In 2012, researchers in Sri Lanka tracked the movements of a dozen “problem elephants” that had been translocated into protected areas due to conflict with humans. Their findings were worrying: rather than staying put in their new primary forest home, the translocated elephants strayed from their release sites, ultimately causing greater strife over a wider area than before. Four ventured into human settlements, where they damaged property and killed people; after eight months, five of the elephants had been killed.

The researchers concluded that such translocations help neither elephants nor people — they simply push the problem elsewhere. Yet the technique is still commonly practiced throughout the range of Asian elephants (Elephas maximus). In Peninsular Malaysia alone, experts estimate that some 600 elephants, roughly 40% of the current population, have been translocated since 1974.

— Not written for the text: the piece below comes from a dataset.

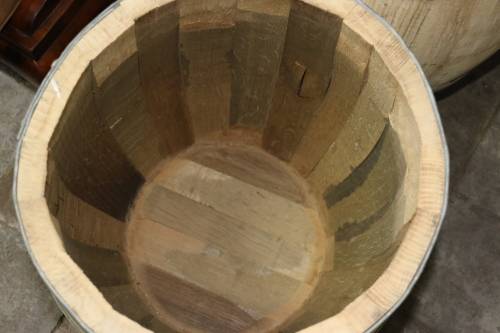 Beautiful Oak Barrel with Lid (630mm tall)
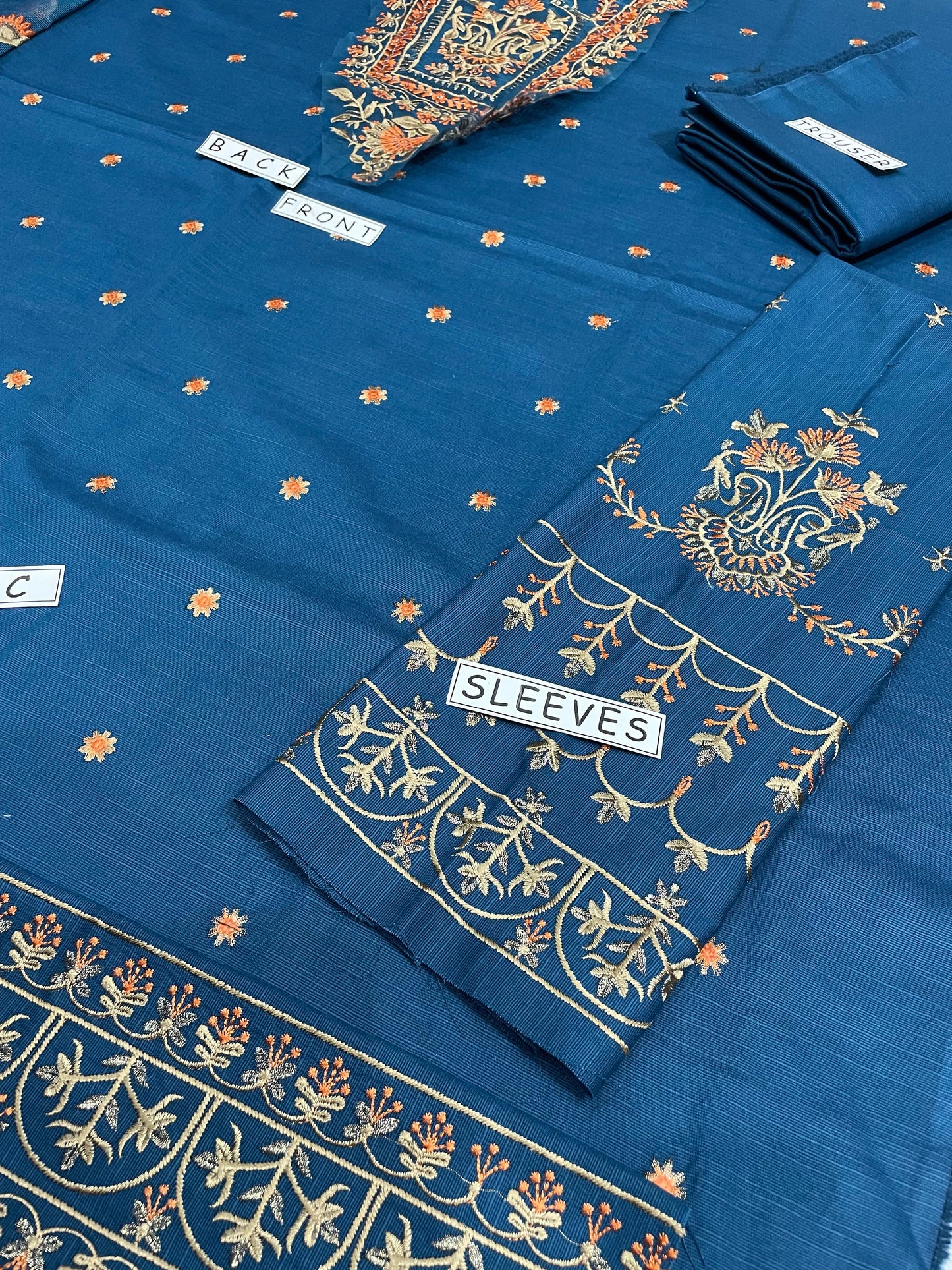 Khaddar 3-Piece Suit Design 04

Conflicts usually occur on the periphery of forests, where the canopy gives way to open vegetation of grasses and pioneer plants that are the elephants’ preferred fodder. The relentless expansion of plantations and agriculture into this zone is forcing people and elephants into closer contact. As a result, elephants have been known to raid crops, damage property and retaliate to hostile human interactions, leading to injuries and death on both sides.

Today, human-elephant conflict is the leading threat to Asian elephants. With our demands for natural resources pushing development ever deeper into elephant habitat, conflicts are set to intensify, say experts. Therefore, getting mitigation strategies right is vital to the species’ long-term survival.

A study published in Animal Conservation earlier this year has sparked renewed discussions among experts on effective, long-term solutions.

The findings reveal that elephants actually prefer to be in open, human-dominated agricultural landscapes over closed-canopy primary forests. The international team of scientists who studied the movements of 48 GPS-tracked elephants in Peninsular Malaysia, including 32 relocated individuals, said the results cast further doubts over elephant translocations as a means of conflict avoidance.

Elephants
Asian elephants in Sri Lanka. Image by Rhett A. Butler/Mongabay

Translocating elephants to old-growth forests in protected areas is likely to fail, says the study, since elephants will inevitably gravitate back toward “prime” habitat on forest fringes, where conflicts recur. Moreover, since translocated elephants are unfamiliar with their release site, they can become disorientated and cause even more problems.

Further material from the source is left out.